W tym odcinku moich punkowych podróży zapraszam do kolejnego (z naszej perspektywy) egzotycznego miejsca, a mianowicie znajdującej się w Ameryce Środkowej Gwatemali, gdzie w stolicy tego kraju noszącej tę samą nazwę co państwo na przełomie 2000 i 2001 roku założony został zespół Sangre Joven (Młoda Krew). W pisowni nazwy, na jej początku oraz końcu czasami używa się litery „X”, co rzecz jasna ma dawać do zrozumienia, że mamy do czynienia z hardcore punkową kapelą powiązaną z ruchem straight edge.
Wzorowali się oczywiście na kapelach z USA oraz Europy poruszających się w tym nurcie. Natomiast tematykę własnych tekstów scharakteryzowali w następujących słowach:

Piosenki traktowały głównie o jedności na scenie, ludziach wypadających ze sceny, przyjaźni, Straight Edge, zaangażowaniu, pozytywnym nastawieniu, czyli rzeczach, z którymi każdy mógł się w tamtym czasie utożsamić. Teksty nie rozwinęły się aż tak bardzo.
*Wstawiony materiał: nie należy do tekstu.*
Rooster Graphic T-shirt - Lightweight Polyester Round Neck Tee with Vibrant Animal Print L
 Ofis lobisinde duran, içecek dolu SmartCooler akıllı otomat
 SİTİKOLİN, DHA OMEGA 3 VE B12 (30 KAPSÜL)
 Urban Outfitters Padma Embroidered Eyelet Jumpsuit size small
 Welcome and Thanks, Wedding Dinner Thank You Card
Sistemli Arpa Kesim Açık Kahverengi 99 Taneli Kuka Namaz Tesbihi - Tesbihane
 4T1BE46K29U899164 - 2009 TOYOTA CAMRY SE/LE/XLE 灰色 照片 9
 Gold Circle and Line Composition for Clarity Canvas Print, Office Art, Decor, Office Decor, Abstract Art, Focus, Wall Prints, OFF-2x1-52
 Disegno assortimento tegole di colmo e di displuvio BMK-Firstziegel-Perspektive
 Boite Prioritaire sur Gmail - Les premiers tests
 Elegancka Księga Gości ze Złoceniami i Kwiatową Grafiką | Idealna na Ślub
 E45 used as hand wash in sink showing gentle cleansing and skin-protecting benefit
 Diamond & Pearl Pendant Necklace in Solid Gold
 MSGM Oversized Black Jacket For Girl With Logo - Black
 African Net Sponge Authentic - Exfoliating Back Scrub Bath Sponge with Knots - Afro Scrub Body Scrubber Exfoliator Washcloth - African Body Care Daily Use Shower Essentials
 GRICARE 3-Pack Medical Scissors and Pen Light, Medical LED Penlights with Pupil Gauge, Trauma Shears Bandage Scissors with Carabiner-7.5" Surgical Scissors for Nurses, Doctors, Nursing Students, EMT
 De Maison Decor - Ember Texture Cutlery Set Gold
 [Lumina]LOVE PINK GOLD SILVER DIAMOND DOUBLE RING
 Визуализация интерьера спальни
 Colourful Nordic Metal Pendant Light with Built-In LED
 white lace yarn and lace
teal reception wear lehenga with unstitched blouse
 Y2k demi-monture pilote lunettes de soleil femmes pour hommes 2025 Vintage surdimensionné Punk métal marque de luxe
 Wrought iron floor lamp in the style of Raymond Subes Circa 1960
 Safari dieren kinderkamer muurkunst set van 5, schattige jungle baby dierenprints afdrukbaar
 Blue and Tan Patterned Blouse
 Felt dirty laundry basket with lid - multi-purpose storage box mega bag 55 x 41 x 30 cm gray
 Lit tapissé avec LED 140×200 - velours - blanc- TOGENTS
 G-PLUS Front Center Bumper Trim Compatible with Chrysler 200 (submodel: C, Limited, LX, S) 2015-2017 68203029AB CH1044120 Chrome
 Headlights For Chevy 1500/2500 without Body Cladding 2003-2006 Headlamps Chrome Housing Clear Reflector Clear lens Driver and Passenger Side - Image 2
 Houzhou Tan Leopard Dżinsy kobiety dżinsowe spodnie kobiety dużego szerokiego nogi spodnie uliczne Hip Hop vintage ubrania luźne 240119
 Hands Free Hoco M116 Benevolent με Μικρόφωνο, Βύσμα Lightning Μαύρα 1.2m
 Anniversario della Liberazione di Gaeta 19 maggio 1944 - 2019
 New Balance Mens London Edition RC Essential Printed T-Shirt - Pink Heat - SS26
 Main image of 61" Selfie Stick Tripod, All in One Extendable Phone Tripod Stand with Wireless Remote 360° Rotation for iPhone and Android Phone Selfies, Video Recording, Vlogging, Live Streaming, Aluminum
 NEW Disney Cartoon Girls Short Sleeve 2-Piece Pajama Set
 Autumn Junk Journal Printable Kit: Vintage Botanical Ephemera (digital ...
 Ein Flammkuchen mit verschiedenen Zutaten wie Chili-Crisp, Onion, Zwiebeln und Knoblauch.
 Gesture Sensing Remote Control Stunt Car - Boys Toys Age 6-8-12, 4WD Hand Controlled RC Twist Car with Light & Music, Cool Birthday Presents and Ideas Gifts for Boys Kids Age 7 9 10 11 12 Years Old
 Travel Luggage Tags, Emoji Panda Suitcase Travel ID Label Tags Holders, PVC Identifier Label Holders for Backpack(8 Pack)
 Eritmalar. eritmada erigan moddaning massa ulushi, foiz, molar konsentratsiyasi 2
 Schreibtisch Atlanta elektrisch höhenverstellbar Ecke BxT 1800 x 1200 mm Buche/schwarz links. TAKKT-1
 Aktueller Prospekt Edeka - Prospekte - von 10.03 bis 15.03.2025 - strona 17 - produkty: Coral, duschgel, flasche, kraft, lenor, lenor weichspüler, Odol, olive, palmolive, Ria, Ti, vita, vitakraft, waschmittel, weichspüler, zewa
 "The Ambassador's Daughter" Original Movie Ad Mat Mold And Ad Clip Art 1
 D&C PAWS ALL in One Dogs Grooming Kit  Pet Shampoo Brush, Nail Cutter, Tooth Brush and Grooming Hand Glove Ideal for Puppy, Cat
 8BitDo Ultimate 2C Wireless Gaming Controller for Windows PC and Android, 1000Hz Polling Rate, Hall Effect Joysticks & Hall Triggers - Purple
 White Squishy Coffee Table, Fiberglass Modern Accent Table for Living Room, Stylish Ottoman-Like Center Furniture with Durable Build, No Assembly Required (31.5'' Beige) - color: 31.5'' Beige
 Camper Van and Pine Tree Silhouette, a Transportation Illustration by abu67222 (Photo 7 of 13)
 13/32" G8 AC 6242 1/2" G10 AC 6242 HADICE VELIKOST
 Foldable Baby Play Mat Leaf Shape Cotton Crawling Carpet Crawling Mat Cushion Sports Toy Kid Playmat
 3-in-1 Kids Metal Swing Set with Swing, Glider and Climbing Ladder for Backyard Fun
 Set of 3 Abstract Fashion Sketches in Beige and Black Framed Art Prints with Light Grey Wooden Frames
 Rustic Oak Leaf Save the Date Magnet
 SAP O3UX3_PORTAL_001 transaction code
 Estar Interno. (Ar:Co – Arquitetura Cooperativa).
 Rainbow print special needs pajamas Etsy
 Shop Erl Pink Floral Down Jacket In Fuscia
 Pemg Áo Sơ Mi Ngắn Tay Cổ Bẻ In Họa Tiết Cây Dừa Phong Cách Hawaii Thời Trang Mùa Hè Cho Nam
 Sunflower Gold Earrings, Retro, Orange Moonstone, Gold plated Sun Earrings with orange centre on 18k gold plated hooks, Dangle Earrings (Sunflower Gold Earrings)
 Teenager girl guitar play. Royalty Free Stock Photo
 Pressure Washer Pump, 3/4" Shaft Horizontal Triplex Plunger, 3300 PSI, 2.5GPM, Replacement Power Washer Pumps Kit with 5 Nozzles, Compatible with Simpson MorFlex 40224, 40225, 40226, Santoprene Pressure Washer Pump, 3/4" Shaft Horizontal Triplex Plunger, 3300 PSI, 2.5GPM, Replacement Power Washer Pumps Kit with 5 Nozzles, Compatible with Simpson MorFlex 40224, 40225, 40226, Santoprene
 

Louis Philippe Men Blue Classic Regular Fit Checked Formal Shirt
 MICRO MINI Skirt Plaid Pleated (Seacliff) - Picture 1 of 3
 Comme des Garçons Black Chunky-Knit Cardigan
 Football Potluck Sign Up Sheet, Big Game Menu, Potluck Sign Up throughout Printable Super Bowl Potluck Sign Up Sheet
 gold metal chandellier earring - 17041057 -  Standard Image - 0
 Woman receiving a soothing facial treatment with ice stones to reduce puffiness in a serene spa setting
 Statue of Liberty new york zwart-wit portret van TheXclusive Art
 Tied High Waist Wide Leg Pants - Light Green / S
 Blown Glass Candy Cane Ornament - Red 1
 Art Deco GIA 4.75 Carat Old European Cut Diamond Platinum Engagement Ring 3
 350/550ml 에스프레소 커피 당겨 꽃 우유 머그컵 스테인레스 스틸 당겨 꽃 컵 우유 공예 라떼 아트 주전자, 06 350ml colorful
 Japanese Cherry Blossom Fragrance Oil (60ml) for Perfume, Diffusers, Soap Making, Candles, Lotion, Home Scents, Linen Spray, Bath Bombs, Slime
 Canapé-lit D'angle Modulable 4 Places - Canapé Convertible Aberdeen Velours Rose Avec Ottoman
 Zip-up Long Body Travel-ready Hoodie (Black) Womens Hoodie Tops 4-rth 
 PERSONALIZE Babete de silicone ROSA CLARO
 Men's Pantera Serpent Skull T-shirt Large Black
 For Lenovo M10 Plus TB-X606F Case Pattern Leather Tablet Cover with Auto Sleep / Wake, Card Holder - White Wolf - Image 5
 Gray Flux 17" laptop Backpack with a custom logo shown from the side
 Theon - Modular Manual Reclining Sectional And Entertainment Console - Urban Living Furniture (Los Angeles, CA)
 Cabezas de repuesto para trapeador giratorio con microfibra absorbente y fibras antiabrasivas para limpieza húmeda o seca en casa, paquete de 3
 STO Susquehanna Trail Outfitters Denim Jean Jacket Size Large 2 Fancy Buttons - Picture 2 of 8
Pierwsze (i w sumie jedyne) ich nagrania ukazały się w 2003 roku, najpierw jako demo, a następnie w formie płyty „Juventud positiva”.

Dość szybko zyskali popularność, która zaowocowała koncertami nie tylko w Gwatemali lecz także poza jej granicami, regularnie pojawiali się na koncertach w Salwadorze, grywali w Kostaryce czy Meksyku. Udało mi się znaleźć kilkuminutowy fragment ich koncertu. Na tym video czuć niesamowitą energię z jaką grali.

Historia zespołu dobiegła końca w 2006 roku, a ich ostatni występ miał miejsce podczas UG Fest dokładnie 8 kwietnia.